Commission on the Status of Women | 60th Session | Side-Event
Human Trafficking as a Form of Violence Against Girls and Women
On the occasion of the Commission on the Status of Women (CSW60) Peace Islands Institute (PII), the Journalists and Writers Foundation (JWF), UN Office of Information and Communications Technology (UN OICT), and Arigatou International, and organized a side-event entitled “Human Trafficking as a Form of Violence against Girls and Women” during the CSW60 on 17 March 2016 at the United Nations Headquarters. In this panel discussion, the organizers gathered the representatives of civil society and faith-based organizations to create a cohesive platform for experts on violence against children and particularly child trafficking to present their views. In this platform PII, JWF, UN OICT and Arigatou International aimed to highlight the practical solutions with adequate responses to combat the child trafficking within the lines of the Global Partnership to End Violence Against Children.
After creating awareness on this extremely important issue H.E. Atefeh Riazi, the Assistant Secretary General of the UN Office of Information and Communications Technology indicated in her keynote remarks that women and girls can be bought just for 300 dollars online and that all international agencies and civil society organizations have an important responsibility to work to ensure that women and children are protected against this increasing international trafficking.
As a first panelist, H.E. Emmanuel L. Caparas, the Secretary of Justice in the Philippines, informed the participants about the Government of Philippines` strategy entitled “4 Key Strategy” to combat the human trafficking in the Philippines. The strategy’s success depends on the interaction of the following areas: Advocacy and Prevention; Recovery and Reintegration; Prosecution and Law Enforcement and finally Protecting and Cooperation. With this strategy the Government of Philippines work on to eliminate the huge number of victims, especially women who are the most frequent victims with 93%.
Following H.E. Caparas` remarks, Dr. Swadesh Rana, Former Chief of the UN Conventional Arms Branch and Senior Fellow in World Policy Institute, has drawn the attention to human trafficking as an increasing global issue. Dr. Rana said that human and child trafficking is a bigger problem than gender equality and that drug trafficking is even smaller. “More and more women and children, especially refugees, are on danger and become victims of human trafficking. We have to focus on this issue by establishing a minimum labor standards and supporting access to education“ said Dr. Rana when concluding her remarks.

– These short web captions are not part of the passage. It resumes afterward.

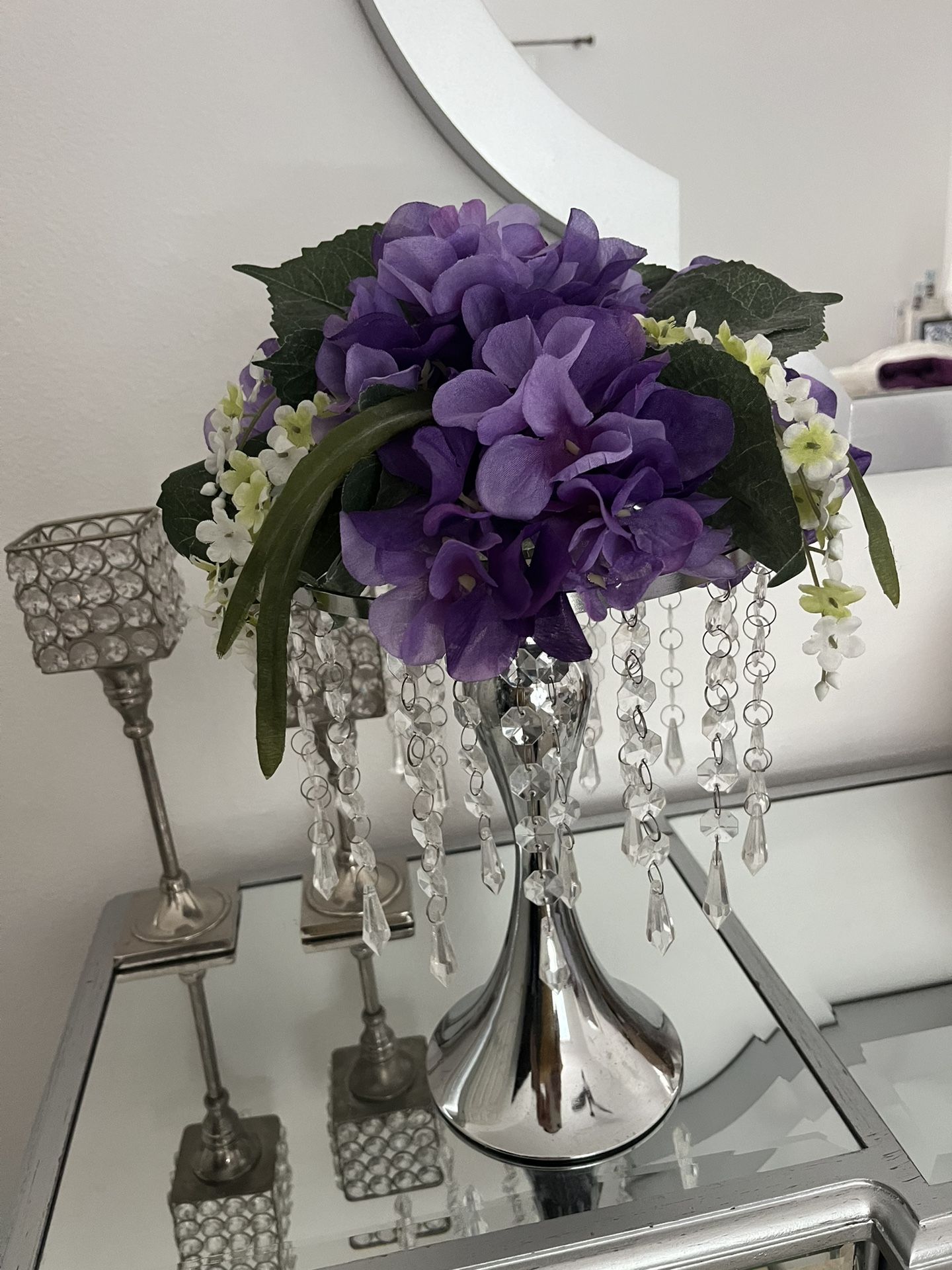 Decorative Flower Bouquet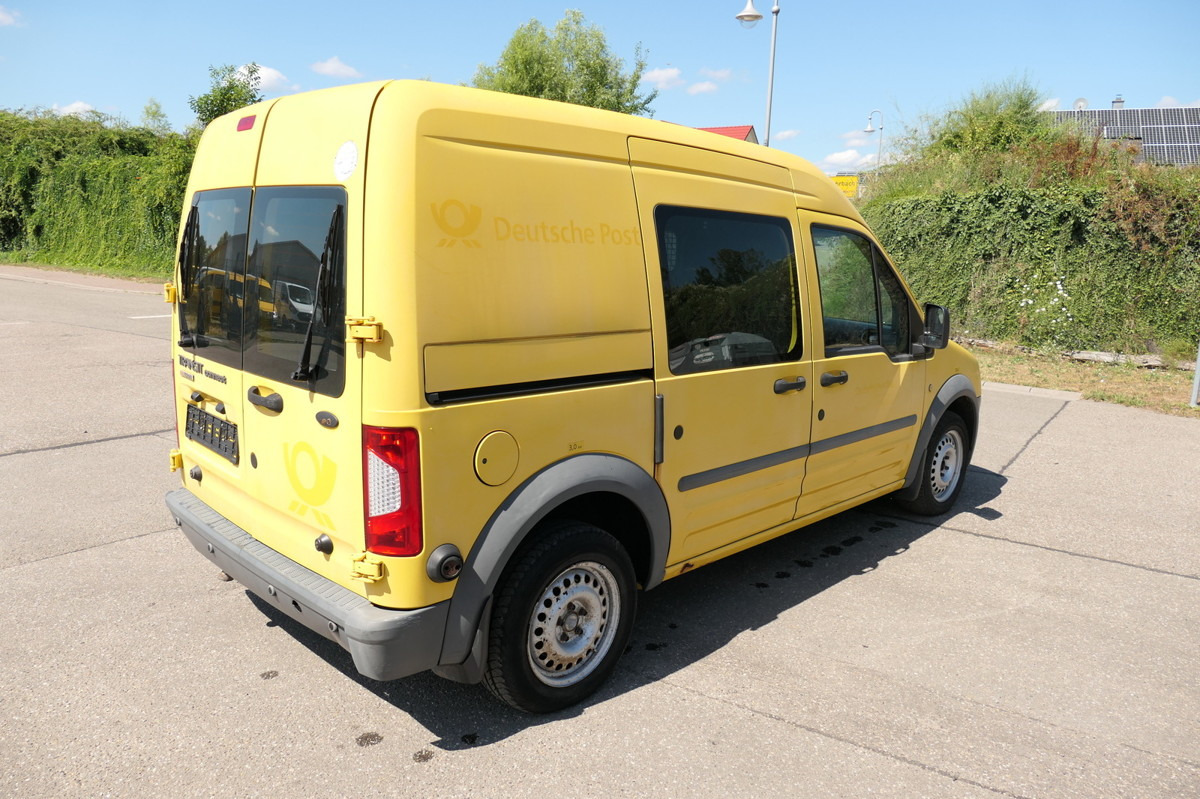 FORD Transit/Tourneo Connect T230 2x Schiebetür Flüge - Μικρό βαν: φωτογραφία 3 FORD Transit/Tourneo Connect T230 2x Schiebetür Flüge - Μικρό βαν: φωτογραφία 3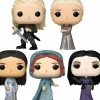 Game of Thrones: House of the Dragon - The Queen Who Ever Was Pop! Vinyl Bundle (Set of 5)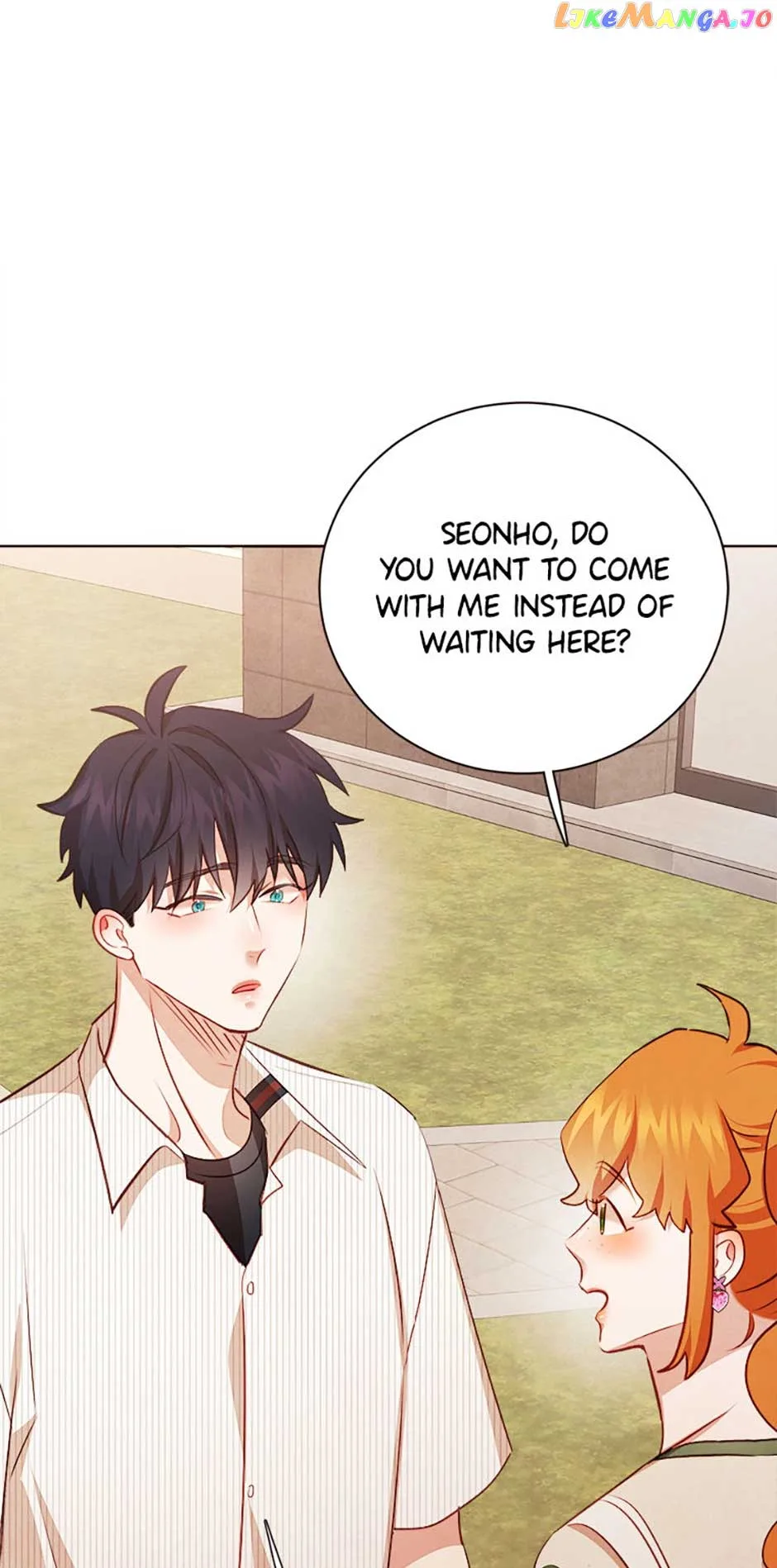 Viewer’s Choice: The Dating Show Chapter 48 page 19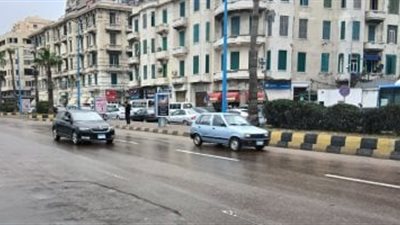 الطقس غدا الجمعة.. تحسن فى الأحوال الجوية وشبورة وسحب منخفضة على بعض المناطق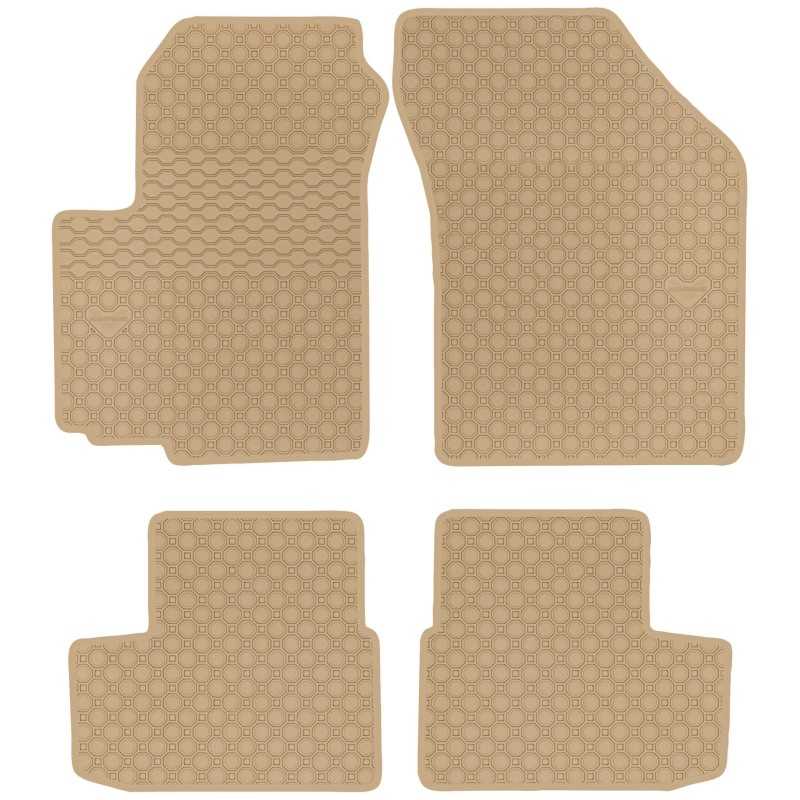 Opel Agila B 2008-2014 m. Guminiai kilimėliai PRIME-LINER MAX-MAT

As the next panelist, Rebeca Rios-Kohn, the Director of Prayer and Action for Children at Arigatou International, indicated that “sexual exploitation is the most common form of human trafficking and it’s a high profit, low-risk trade for those who engage in this criminal activity and most trafficked victims are women and children of low socio-economic status.” According to Rios-Kohn, the new phenomenon is the online exploitation. The sexual abuse of children is filmed and recorded and “used to blackmail victims for money”. According to Rios-Kohn, faith-based organizations and religious communities should help to prevent the trafficking of women and children, because as she indicated the “religion can serve both as driver and impediment to development efforts as part of the problem or part of the solution”.

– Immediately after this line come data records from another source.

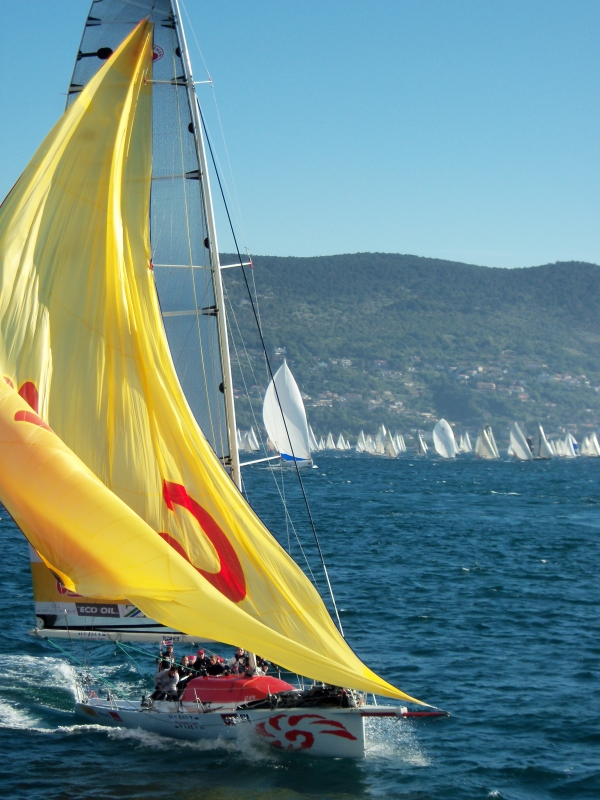 42ma Barcolana-10.10.2010 - Golfo di Trieste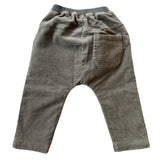 Cotton Corduroys Pants with Pockets for Boys | AIMAMA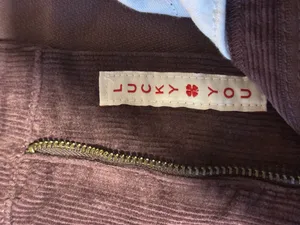 Lucky Brand High-Rise Corduroy Jeans thumbnail 3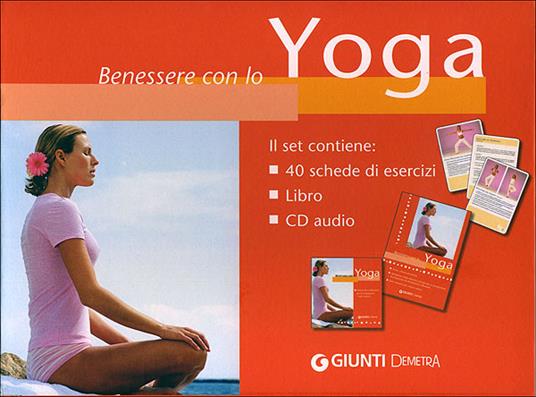 Yoga. Con CD Audio - 2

The Co-Director of the Anti-Human Trafficking Initiatives and Covenant House, Jane Bigelsen, shared her experience about homeless women victims of sex trafficking in New York City. Homeless women are the most targeted for the human traffickers and 15% of them have experienced sex trafficking. Another 10% engaged survival sex, which means that the victims had no other choice but trade sex usually for a place to stay. According to Bigelsen, the lack of job training and education is a problem both in leading to and getting out of human trafficking. Founding programs that involved job training and education could be one solution to solve it. Bigelsen indicated “If we really want to get serious about fighting human trafficking in this country, we need to be serious about providing services for homeless youth”.